Experiment client: BURRP! Food delivery.

Apr 26 · 4 min read

Project: IOS mobile application

This project is an experiment that is conducted by Pineapple Studio. This experiment does not intend to indicate an association with the brand in any manner.

About the company

BURRP is a restaurant recommendation engine that is functional across multiple cities in India. It provides its users with offers that are in association with various restaurants. The user can book and visit a restaurant after a comprehensive view of its cuisine, recommended dishes, etc.

The challenge

The challenge was to design a new application that would allow the users to order via the BURRP application. This required comprehensive research of the users who were used to ordering food via their mobile. Every user perceives the application differently based on their requirements. The idea was to maneuver through the state of mind of each persona and create an optimum solution for ordering food.

Designing the user flow for a user who browses through restaurants available in their area, checks what they offer, chooses the desired dishes and places an order.

Our process

Research and discovery

We conducted user research with a small sample size of 51 users to see if they could confirm our hypothesis of the mistakes made by food delivery apps. We observed that food-delivery apps had to be focused on users who order everyday to twice a month. However, new users could not be neglected as they formed the base to improve conversion rates. Every response was unique providing divergent ideas that could be used across the platform.


Based on the responses, we narrowed down the audience to people who consistently use the delivery apps to get food quickly. The audience requires quick navigation spanning across every filter and doesn’t want to spend a lot of time on the application as they become indecisive over a period of time.

Survey results


The designs take a straightforward approach and show off multiple feature recommendations based on the survey. The designs had to be clear and concise, making the user interaction seamless. The experience had to be explicitly thought through to enhance the usability of the application. Adding features that would be relevant to the responses received would improve click-through rates and customer retention.

Iteration was made over the food apps existing in the markets and the following logical features were included.

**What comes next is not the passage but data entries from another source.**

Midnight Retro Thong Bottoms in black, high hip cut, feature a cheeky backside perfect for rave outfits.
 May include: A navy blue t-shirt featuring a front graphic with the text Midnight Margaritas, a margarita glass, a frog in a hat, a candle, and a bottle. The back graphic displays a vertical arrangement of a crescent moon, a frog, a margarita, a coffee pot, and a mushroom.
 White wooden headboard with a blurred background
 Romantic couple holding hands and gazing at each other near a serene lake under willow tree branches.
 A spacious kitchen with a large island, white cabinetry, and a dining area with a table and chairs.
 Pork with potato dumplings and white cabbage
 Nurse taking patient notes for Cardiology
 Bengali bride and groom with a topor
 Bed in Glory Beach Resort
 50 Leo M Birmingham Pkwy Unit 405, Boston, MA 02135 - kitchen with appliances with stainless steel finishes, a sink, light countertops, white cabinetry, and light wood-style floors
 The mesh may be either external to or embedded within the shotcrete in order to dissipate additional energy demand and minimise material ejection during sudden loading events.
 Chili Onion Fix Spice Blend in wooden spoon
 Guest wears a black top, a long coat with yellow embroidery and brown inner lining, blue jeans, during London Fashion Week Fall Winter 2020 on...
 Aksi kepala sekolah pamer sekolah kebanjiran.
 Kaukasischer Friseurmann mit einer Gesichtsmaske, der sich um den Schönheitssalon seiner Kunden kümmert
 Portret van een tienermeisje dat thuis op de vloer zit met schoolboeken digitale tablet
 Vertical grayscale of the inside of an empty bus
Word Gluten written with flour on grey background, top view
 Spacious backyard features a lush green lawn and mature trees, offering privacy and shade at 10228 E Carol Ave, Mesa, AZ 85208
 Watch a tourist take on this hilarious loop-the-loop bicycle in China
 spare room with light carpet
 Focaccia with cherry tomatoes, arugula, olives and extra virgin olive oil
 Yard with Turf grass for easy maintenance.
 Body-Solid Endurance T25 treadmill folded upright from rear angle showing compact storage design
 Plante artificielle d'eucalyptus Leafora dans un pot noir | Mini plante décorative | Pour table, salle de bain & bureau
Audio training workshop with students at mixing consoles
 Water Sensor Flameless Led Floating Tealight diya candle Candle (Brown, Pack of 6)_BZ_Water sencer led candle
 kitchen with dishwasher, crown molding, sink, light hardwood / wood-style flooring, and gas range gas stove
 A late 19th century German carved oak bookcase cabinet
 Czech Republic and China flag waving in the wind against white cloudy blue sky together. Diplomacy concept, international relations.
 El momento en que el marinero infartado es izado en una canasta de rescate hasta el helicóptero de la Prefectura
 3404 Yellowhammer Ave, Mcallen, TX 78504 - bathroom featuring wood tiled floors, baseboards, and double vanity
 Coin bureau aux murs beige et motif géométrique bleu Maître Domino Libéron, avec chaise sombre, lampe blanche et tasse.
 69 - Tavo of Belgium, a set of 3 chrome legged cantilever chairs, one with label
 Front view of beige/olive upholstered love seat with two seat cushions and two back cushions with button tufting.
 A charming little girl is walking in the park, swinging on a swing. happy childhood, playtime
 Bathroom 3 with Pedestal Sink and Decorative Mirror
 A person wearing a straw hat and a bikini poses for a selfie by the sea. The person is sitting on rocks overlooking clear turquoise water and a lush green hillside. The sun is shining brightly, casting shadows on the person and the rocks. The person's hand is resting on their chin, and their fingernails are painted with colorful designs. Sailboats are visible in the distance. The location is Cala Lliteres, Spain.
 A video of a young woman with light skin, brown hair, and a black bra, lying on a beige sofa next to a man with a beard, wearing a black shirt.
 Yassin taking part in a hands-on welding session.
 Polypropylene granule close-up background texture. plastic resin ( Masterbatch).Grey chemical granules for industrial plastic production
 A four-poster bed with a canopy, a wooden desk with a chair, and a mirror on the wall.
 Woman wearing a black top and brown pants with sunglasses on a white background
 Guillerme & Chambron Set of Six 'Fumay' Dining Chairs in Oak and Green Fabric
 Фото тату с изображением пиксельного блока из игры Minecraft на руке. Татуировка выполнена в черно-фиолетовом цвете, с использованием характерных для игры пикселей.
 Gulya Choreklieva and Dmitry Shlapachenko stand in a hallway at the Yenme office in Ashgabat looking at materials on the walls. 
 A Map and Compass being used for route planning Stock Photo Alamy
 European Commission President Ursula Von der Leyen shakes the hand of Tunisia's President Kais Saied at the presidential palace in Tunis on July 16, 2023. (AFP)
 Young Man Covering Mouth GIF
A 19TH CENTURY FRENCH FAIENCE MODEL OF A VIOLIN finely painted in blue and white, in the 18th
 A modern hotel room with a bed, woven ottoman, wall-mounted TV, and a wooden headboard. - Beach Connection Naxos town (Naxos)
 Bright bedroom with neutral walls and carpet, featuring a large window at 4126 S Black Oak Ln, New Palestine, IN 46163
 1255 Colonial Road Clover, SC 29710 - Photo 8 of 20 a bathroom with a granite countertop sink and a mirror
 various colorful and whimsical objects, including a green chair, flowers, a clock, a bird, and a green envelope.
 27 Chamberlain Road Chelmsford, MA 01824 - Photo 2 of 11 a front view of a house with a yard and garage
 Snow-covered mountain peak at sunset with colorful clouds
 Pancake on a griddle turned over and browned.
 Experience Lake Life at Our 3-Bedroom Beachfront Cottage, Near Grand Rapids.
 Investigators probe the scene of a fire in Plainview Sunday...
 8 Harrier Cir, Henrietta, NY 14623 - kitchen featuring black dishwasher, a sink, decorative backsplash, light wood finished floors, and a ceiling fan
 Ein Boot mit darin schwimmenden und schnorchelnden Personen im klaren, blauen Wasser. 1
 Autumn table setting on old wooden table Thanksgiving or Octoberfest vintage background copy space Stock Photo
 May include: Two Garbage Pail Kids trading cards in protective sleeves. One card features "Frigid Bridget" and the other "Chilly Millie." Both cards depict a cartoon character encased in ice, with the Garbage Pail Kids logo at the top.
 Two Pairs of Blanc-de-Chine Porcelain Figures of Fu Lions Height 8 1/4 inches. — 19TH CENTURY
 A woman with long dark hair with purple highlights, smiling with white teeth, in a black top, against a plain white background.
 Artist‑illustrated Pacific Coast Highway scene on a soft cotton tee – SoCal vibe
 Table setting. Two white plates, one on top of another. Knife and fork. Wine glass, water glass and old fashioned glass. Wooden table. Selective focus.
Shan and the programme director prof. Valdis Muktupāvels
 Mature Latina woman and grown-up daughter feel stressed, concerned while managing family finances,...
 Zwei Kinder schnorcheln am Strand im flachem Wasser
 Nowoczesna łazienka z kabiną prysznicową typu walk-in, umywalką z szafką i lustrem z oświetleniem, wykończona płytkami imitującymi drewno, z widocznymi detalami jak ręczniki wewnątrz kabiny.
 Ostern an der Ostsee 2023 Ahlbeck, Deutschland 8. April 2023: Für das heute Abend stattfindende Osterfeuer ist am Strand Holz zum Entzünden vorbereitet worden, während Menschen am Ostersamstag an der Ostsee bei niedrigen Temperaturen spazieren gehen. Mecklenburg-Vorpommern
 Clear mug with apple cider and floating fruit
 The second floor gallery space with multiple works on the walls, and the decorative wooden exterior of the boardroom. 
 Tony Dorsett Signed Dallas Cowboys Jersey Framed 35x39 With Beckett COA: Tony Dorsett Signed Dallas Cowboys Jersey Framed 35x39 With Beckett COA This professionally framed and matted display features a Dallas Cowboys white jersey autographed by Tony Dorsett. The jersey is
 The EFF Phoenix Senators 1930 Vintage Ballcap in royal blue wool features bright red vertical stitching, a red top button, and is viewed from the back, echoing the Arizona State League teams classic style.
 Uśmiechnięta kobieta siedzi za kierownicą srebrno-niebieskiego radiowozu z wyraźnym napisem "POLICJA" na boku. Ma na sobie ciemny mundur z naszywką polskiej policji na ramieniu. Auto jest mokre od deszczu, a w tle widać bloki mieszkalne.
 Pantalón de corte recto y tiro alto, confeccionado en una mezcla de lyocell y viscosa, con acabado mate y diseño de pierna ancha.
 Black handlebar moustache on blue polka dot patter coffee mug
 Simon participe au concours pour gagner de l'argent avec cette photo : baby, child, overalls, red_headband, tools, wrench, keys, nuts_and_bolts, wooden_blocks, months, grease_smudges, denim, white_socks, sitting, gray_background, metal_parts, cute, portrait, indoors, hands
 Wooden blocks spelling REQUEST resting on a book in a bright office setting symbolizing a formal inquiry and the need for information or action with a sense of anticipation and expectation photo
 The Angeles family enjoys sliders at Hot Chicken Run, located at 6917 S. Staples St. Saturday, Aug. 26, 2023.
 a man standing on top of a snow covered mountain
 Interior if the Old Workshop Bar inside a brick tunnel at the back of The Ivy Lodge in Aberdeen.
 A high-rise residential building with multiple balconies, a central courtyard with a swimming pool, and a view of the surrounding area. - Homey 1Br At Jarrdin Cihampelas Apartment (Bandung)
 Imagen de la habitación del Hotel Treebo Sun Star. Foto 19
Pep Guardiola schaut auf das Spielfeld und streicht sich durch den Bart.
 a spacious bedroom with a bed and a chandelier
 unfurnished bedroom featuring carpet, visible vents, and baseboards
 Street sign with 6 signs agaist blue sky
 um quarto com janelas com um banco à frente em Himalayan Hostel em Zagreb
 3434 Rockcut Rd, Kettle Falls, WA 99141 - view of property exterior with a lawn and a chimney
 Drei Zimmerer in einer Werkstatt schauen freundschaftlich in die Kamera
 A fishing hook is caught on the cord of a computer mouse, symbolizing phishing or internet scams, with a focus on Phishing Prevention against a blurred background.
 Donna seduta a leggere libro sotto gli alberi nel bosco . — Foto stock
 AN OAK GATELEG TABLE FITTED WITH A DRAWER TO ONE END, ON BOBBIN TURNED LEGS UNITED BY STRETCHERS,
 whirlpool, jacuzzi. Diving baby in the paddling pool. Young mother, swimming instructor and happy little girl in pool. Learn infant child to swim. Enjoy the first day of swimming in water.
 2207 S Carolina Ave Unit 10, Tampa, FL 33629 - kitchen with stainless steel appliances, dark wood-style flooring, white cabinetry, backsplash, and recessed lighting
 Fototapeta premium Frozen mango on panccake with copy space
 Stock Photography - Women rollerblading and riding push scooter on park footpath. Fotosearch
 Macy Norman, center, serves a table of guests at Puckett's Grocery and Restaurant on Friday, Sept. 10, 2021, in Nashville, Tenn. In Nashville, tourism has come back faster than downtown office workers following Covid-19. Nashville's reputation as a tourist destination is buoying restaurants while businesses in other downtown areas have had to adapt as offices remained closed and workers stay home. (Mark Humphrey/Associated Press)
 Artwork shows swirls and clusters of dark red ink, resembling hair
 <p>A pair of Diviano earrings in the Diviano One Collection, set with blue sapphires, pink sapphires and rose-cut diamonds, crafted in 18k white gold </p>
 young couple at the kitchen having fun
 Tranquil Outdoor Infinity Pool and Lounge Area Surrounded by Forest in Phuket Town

  1. Food delivery time — The time in which the food was delivered is crucial as it serves as a decision-maker at times.
  2. Quantity of food in cart — This would essentially let the person know the serving size of the food in the cart. Users tend to order more/less food. This feature would stop the hassle of over/under-eating.
  3. Data based recommendations — Users usually have specific food types that they prefer or even dietary regulations. Why not display the recommendations based on their past orders?
  4. Change for Cash on delivery orders — A simple feature that asks the delivery executive to get change for a specific denomination so that the order is delivered seamlessly with the required change.